I've had a similar device in my shop for 7 or 8 years.....mine's a laboratory lift that got tossed....never thought of it as a router lift or for installing a disposal, but it's good to know! :thumbsup:


----------



## MrWoodworking (Apr 14, 2011)

eccentrictinkerer said:


> I picked up a couple of these at a 3M auction.
> 
> Best thing in the world for replacing garbage disposers!
> 
> I'm a handyman and use it 2-3 times a month. Saves wear and tear on the old arms.


Oh, what I would have given to have one and know this 6 weeks ago. I used a couple Irwin Quick Grips turned outward. Talk about awkward!


----------



## mr. jinchao (May 3, 2011)

Wow 200lbs!! You could use that to hoist kids up to your workbench so they can see! I didn't know this existed, great find for sure.


----------



## Biscobob (Jul 25, 2011)

eccentrictinkerer said:


> I picked up a couple of these at a 3M auction.
> 
> Best thing in the world for replacing garbage disposers!
> 
> I'm a handyman and use it 2-3 times a month. Saves wear and tear on the old arms.

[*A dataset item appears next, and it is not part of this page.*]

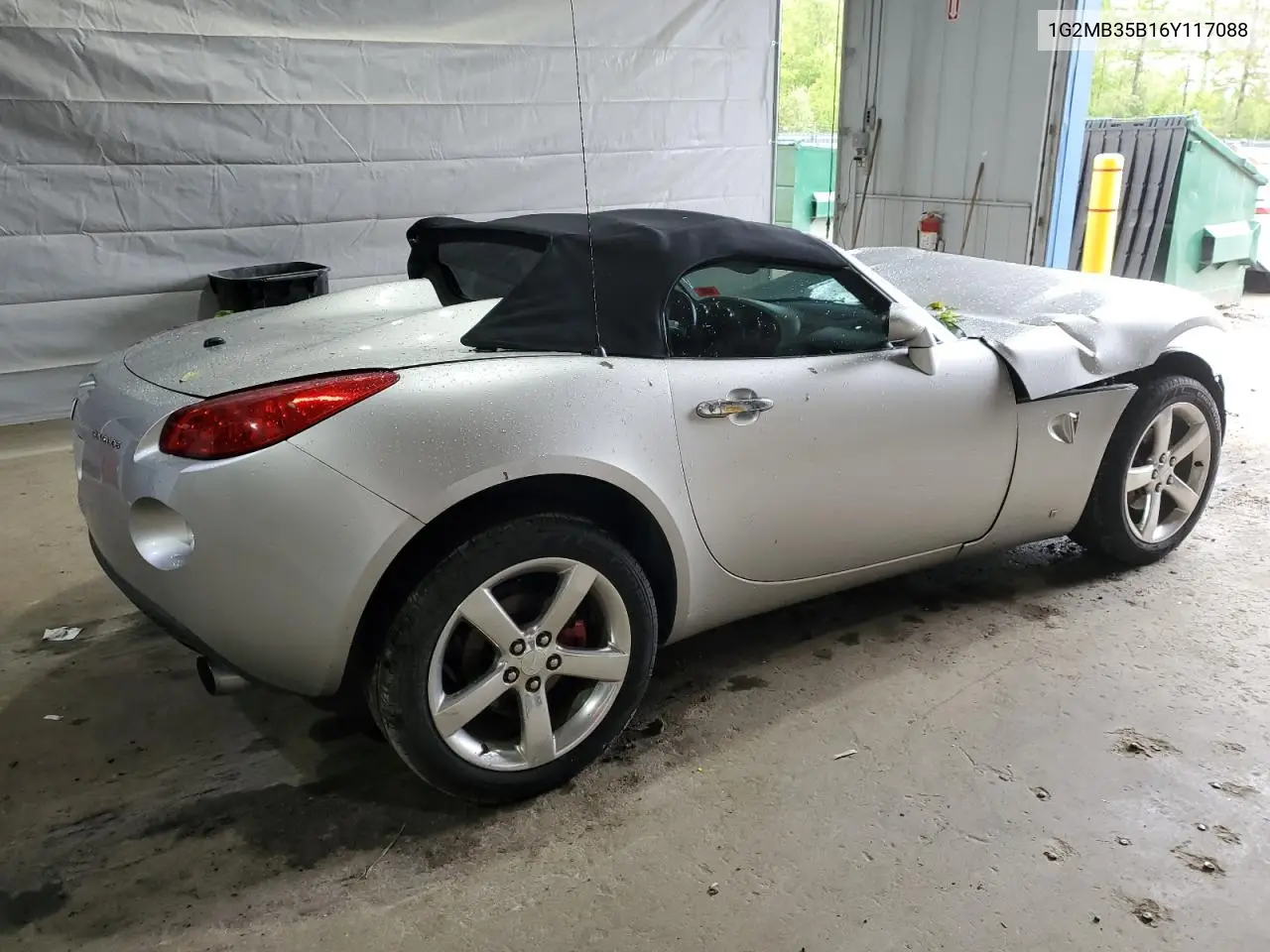 2006 Pontiac Solstice VIN: 1G2MB35B16Y117088 Lot: 58037175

I have installed more garbage disposers than I care to remember and my arms ache just thinking about it, would have been great to have one of those. I can think of a few 230v furnace blowers that I could have used it for also. Cool item.


----------



## troyd1976 (Jul 26, 2011)

based on color id say that thing was made to hold a bud light..:thumbsup:


----------



## Burt (Nov 16, 2009)

Cool, I'd put a motor on that jack screw though.


----------



## EagleTa2 (Jan 2, 2012)

I realize this may be an ole post... but this lift is just cool.

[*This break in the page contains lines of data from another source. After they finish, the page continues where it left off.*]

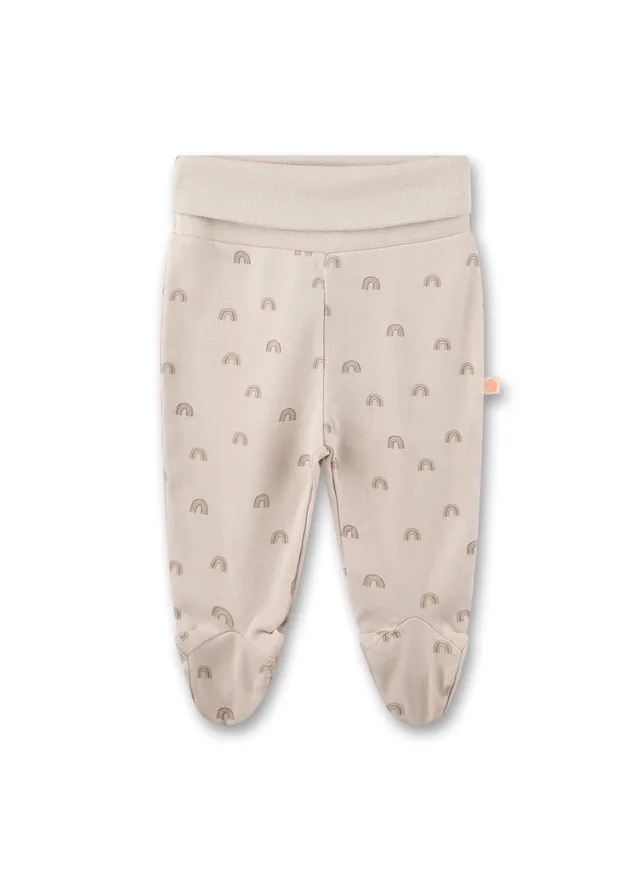 sanetta-newborn-hose-mit-fu-beige-regenbogen-pyjamahose-aus-bio-baumwolle-unisex image 1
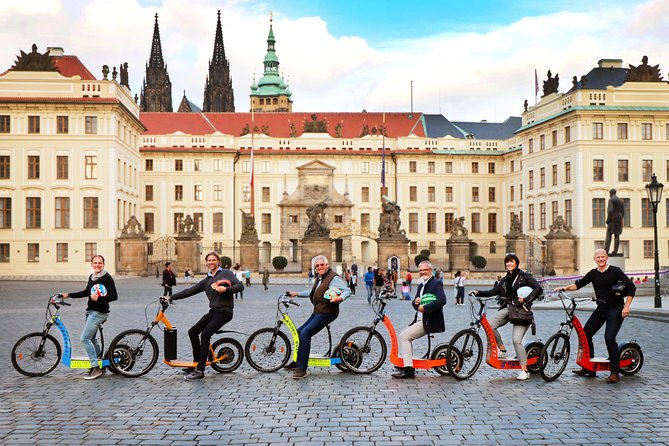 Prague: Electric Scooter & E-Bike Live Guided Tour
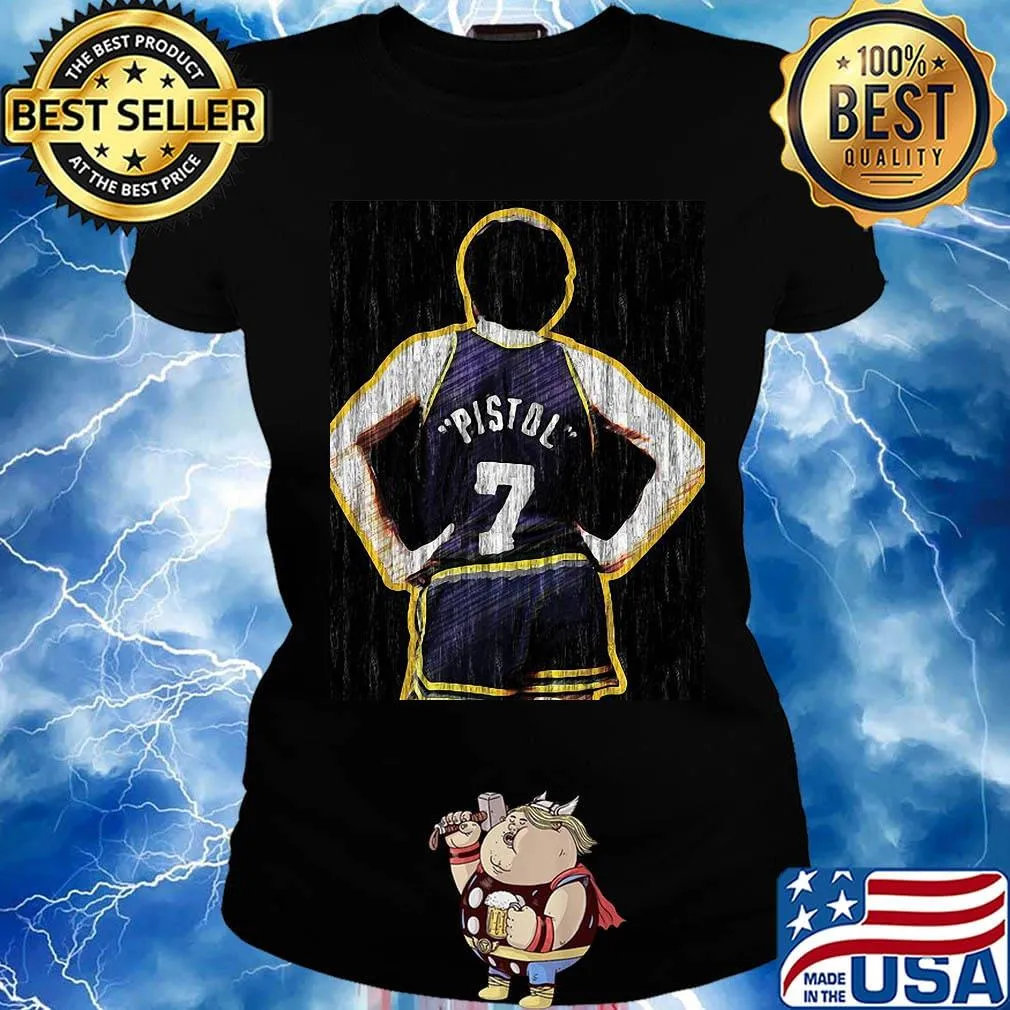 Pete maravich los angeles lakers basketball s Ladies tee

I want one just to say that I have one


----------



## ACP (Jan 24, 2009)

I missed this one. It'd be handy for holding level boards when marking out pins (or tails) on dovetail layout.


----------



## Lilblee (Sep 5, 2013)

Router lift

Sent from my iPhone using Wood Forum


----------



## AtomicTermite (Feb 28, 2018)

EagleTa2 said:


> I realize this may be an ole post... but this lift is just cool.
> 
> I want one just to say that I have one


Me too


----------